[Problem description]
The answer is a stretch of the material below, returned exactly: the line containing "In the plot", the line containing "Hello, this is", and all lines between.

··· Provided data ···

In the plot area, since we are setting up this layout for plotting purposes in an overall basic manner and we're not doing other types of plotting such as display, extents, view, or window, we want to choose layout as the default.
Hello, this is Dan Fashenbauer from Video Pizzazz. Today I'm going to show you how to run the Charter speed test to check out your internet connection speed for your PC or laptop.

···
··· Provided data ···

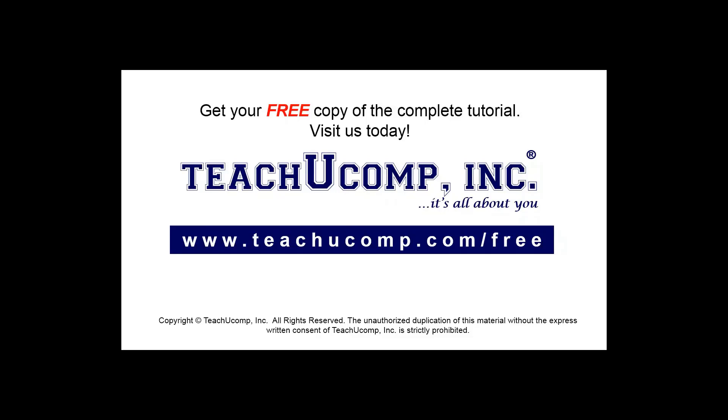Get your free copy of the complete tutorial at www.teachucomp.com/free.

···

[Exercise result]
In the plot area, since we are setting up this layout for plotting purposes in an overall basic manner and we're not doing other types of plotting such as display, extents, view, or window, we want to choose layout as the default.
Hello, this is Dan Fashenbauer from Video Pizzazz. Today I'm going to show you how to run the Charter speed test to check out your internet connection speed for your PC or laptop.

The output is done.